型破りに挑む『人間力』 行定勲(映画監督) (1/2ページ)
「映画って時代にフィットしたものじゃないと、ヒットしないし、恐らく、実現もできません。それでも、時代にフィットしないものを作り続けたいですね」
映画の一番の醍醐味は、作品を観たあとに謂れのない涙や、謂れのない感動が押し寄せてくることだと思うんです。自分が思ってもいなかったことや、考えてもみなかった感情に気がつくきっかけとなることが、最大の魅力だと思います。

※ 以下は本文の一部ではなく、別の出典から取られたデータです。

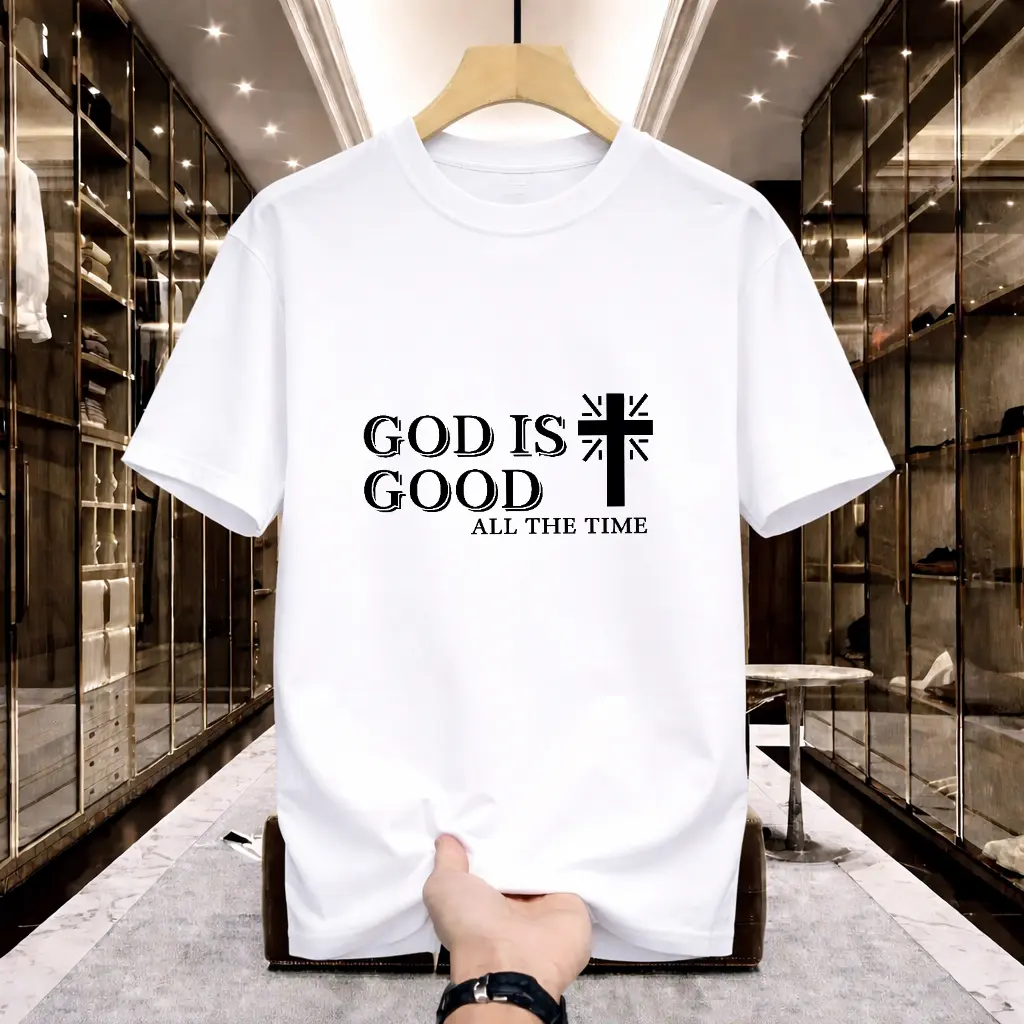 god is good all the time text and cross design crewneck t shirt for men women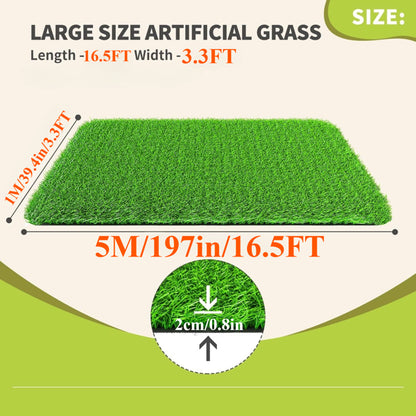 Premium 3ft x 16ft Artificial Grass Turf with Drainage Holes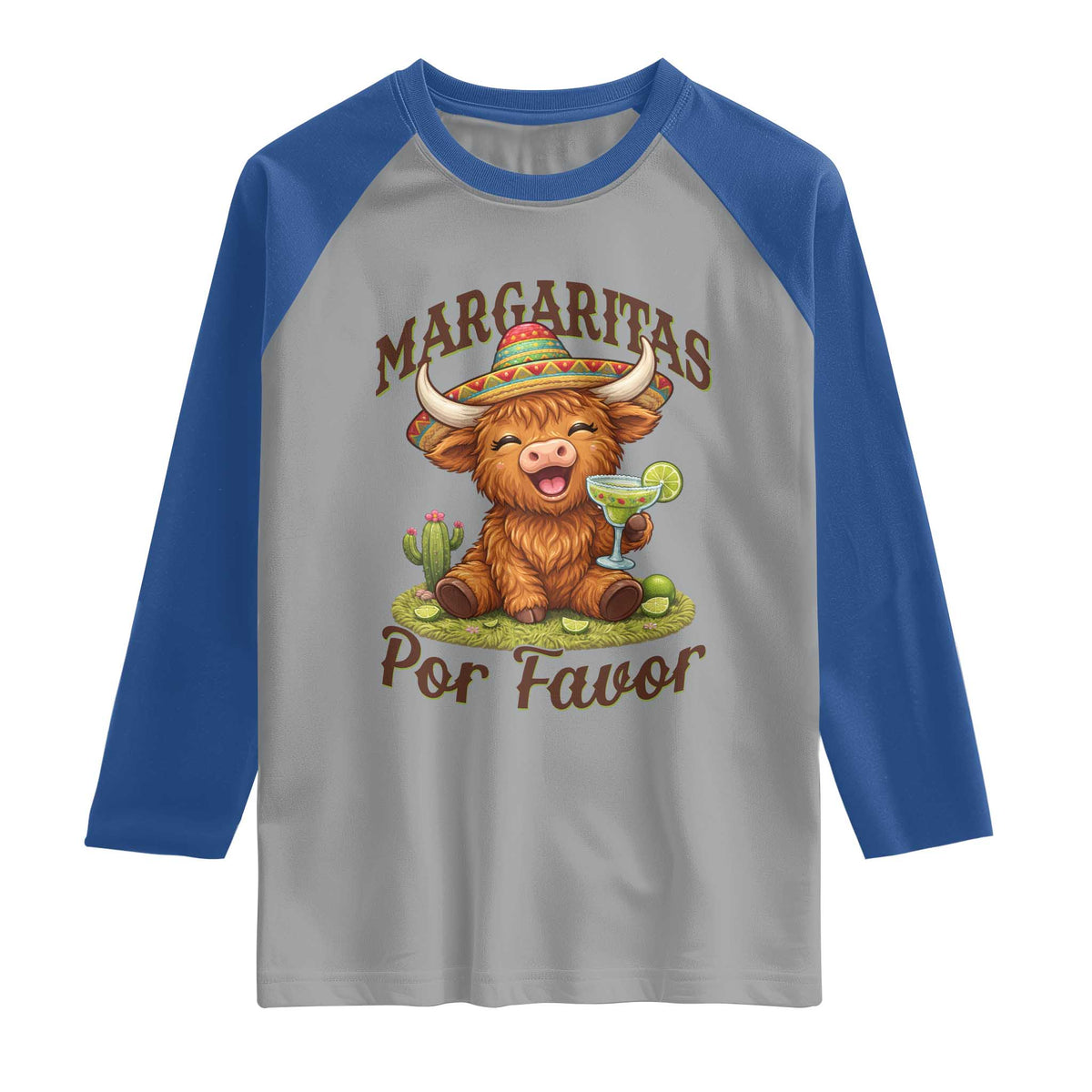 Funny Cinco De Mayo Highland Cow Raglan Shirt Margaritas Por Favor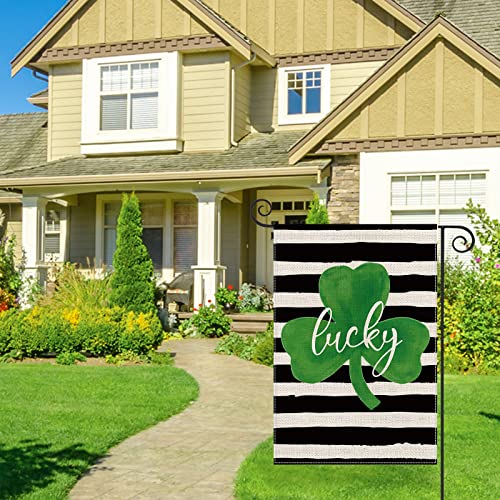 AnyDesign St. Patrick's Day Garden Flag Double-Sided Lucky Shamrock Yard Flag Rustic White Black Stripe Farmhouse Shamrock Outdoor Decoration for Irish Holiday, 12.5 x 18 Inch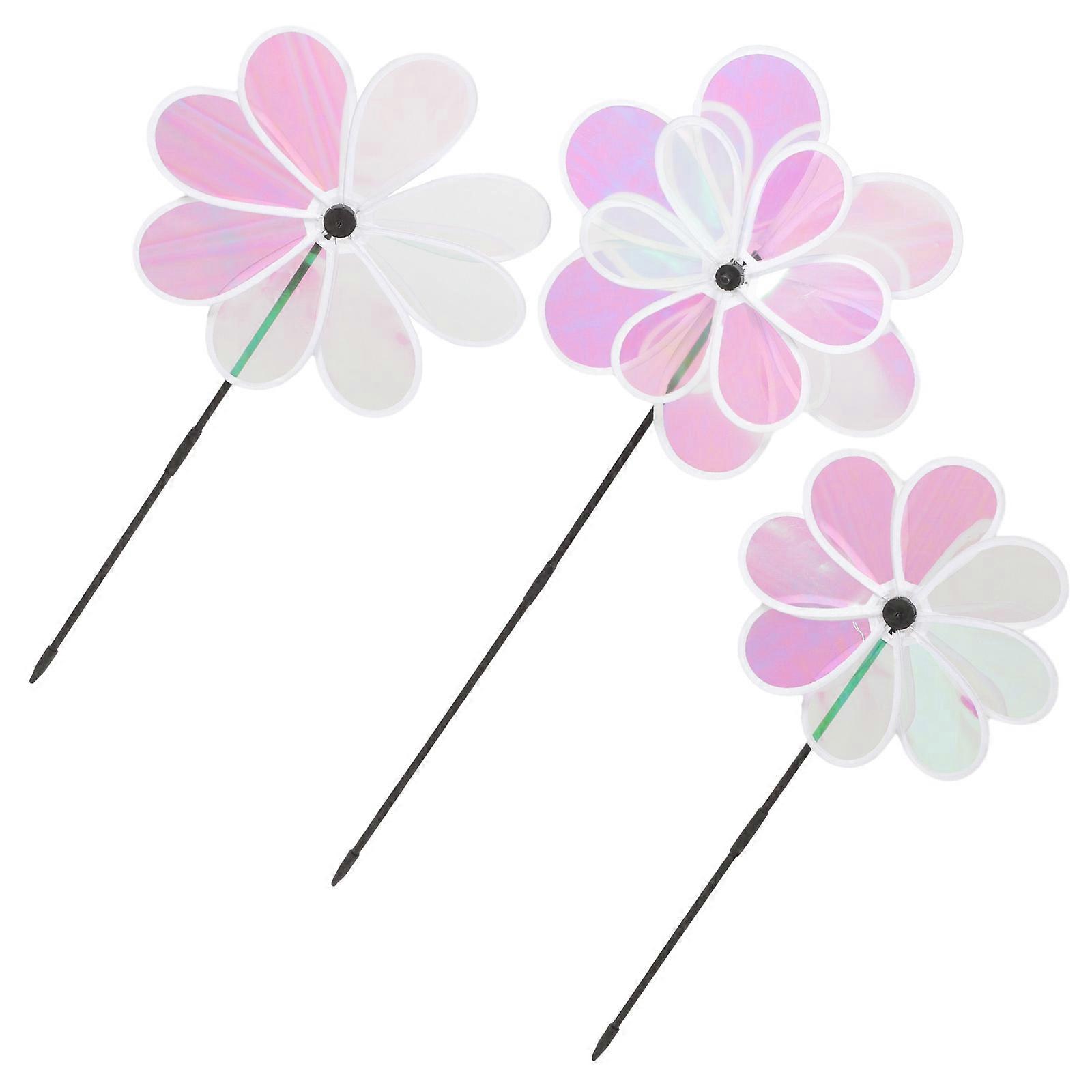 3pcs Colorful Rotatable Windmill Props for Garden, Balcony & Park Decorations – Durable Outdoor Party & Event Decoration Set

でも、昨今の日本映画は明快なお話が求められ過ぎている。特に、ラブストーリーなんてもっと曖昧でいいんじゃないかと。だって、男と女の心理なんて何百通りもあって、明快なものなんてないでしょう。
だから、今回監督をした映画『真夜中の五分前』も、ぼくは結論が曖昧なまま終わらせたかった。でも、日本では、もう何回も見たことがあるような型通りのハッピーエンドを求められたので、製作はなかなか進みませんでした。

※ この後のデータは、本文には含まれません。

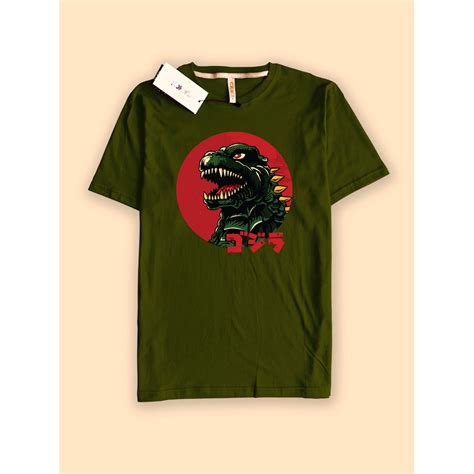 Jual Baju Kaos Tshirt Camoe Godzilla Kaiju Kanji Japan Shopee Indonesia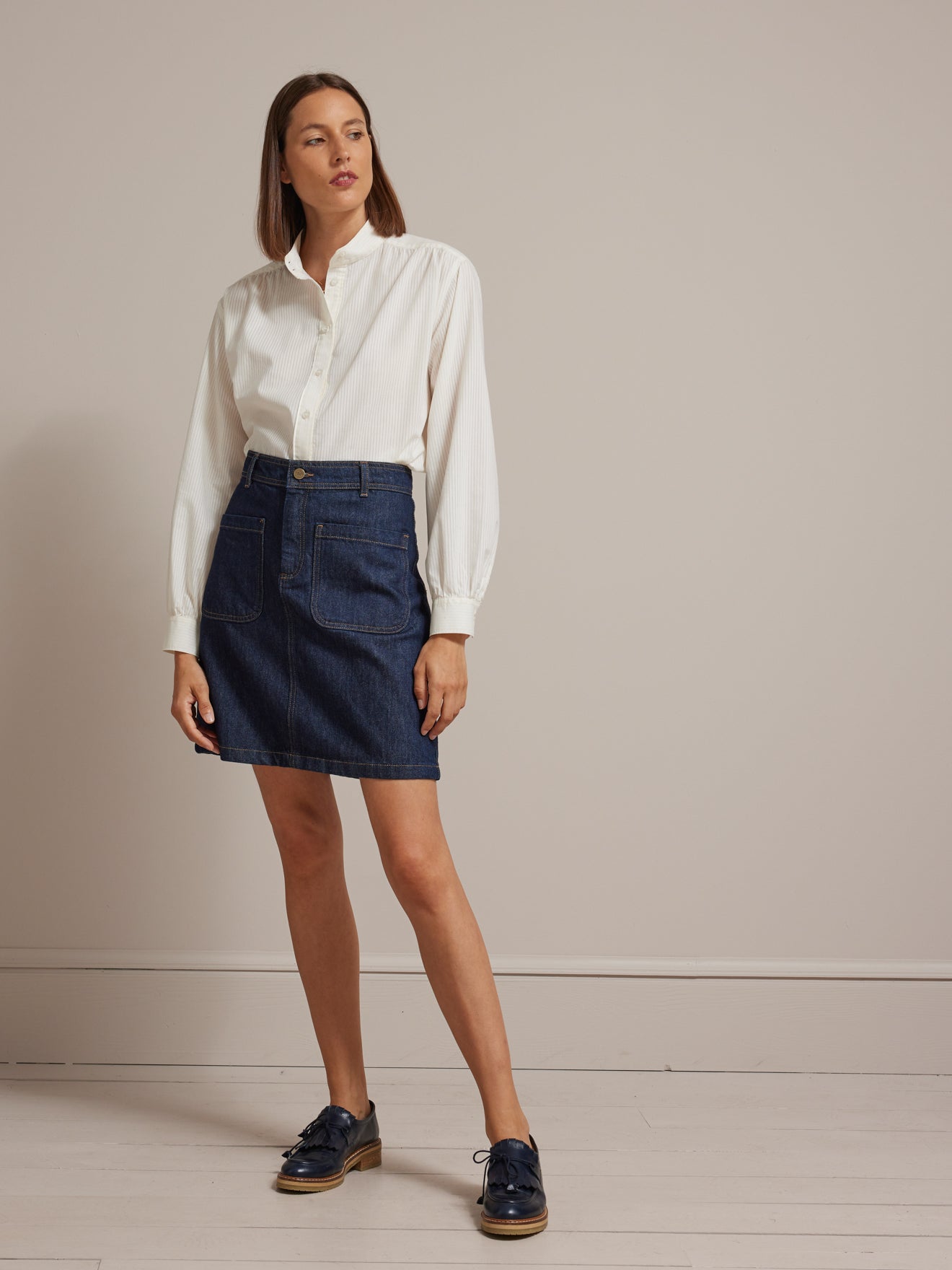 Jupe courte jean femme - Coton biologique, délavage écoresponsable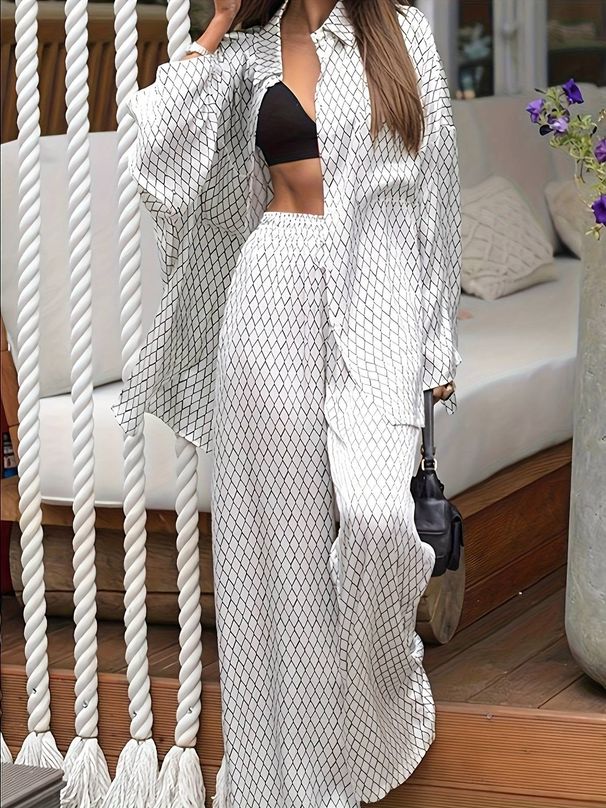 2026 Fashion Printed Loose And Comfortable European And American Long Sleeved Pants Summer Thin Women's Set_ecoleips.com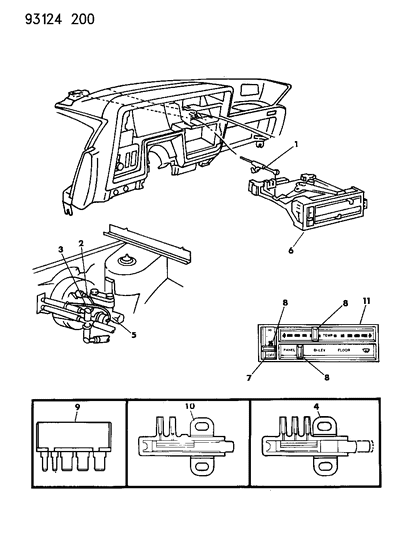 1993 Chrysler New Yorker Controls, Heater Diagram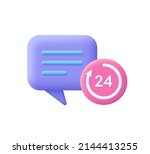 speech bubble and 24 hours... | Shutterstock .eps vector #2144413255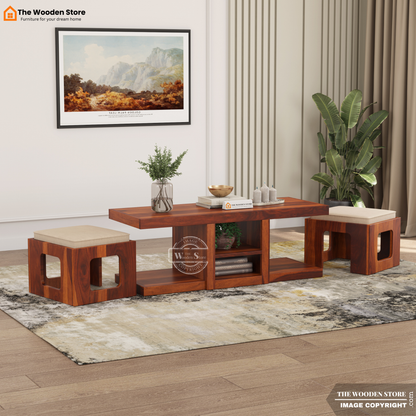 Jelo Coffee Table with 2 Stools (Honey Finish)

結局、上海のプロデューサーに辿り着いて、実現することになったのですが、企画当初から10年経ってしまいましたね。今回の作品は、上海を舞台にした映画。上流社会に生まれた双子の姉妹がヒロインです。
双子って不思議なんですよ。ぼくの知り合いに双子の兄弟がいるんですが、弟が子供の頃に事故にあったんですけど、兄は自分があったと思っているんですよ。雨が降ると「事故の時の足が痛む」と言うので、「お前じゃないよね」と尋ねると、「あいつはそう言ってるけど、俺だと思うんだよね」って。同じビジュアルの人間が目の前で、自動車にはねられ、飛んだ。すると、飛んだ記憶が混濁してるんですよ。
映画の中の双子の姉妹も、幼い頃から多くの体験や記憶を共有し、それぞれが自分のものだと思っている。

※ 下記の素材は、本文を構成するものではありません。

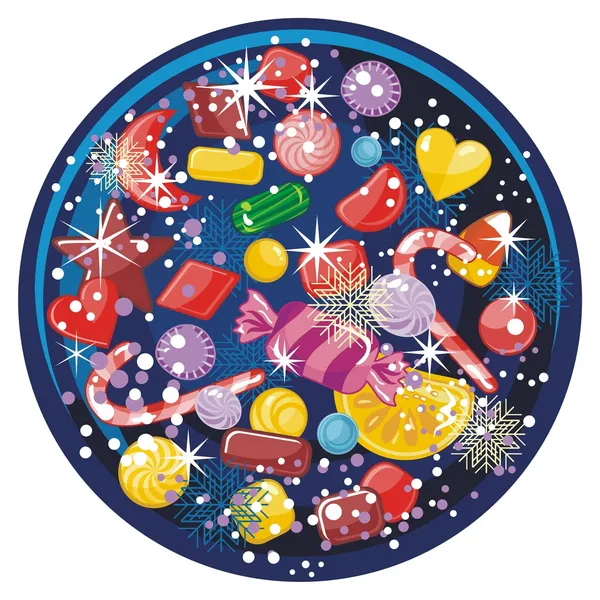 Candy Snow Globe — Stock Vector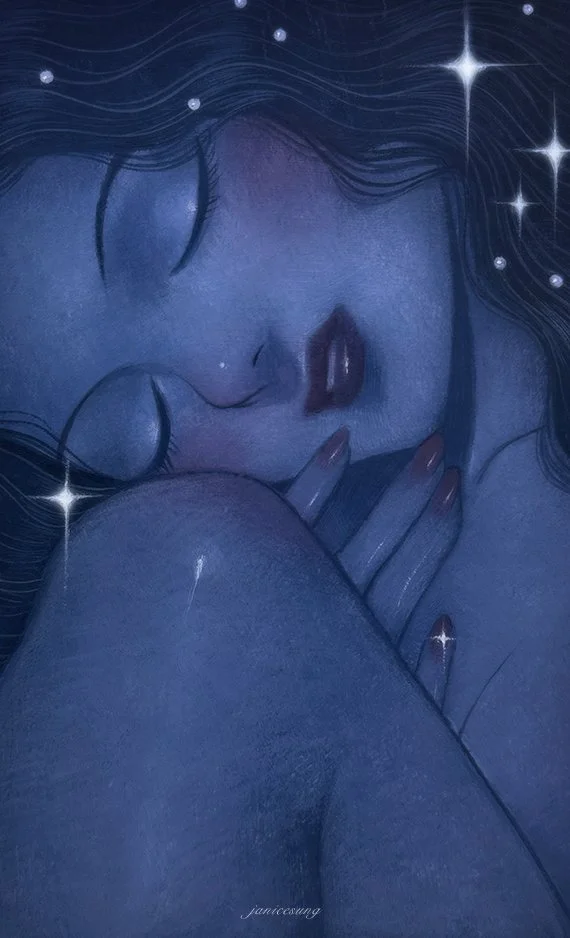 Oil painting by Janice Sung titled Twilight Serenade, a portrait of a beautiful blue woman sleeping and dreaming at night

この2人に、時計職人の日本人の若者が出会います。彼は、過去に恋人と死別し、そこから抜け切れておらず、日常を判で押したような暮らしをしています。そして、双子の姉と淡い恋愛をする最中、事件が起きて……というドラマです。
ただ、やっぱり型通りの作品にしたくはなかったので、最後のシーンが見る人の人間性によって解釈の仕方が違うように仕上がっています。その解釈の違いで、物語の後半の見方が、人によって全然、変わってくるんです。
それを話し合うのも、映画だなと。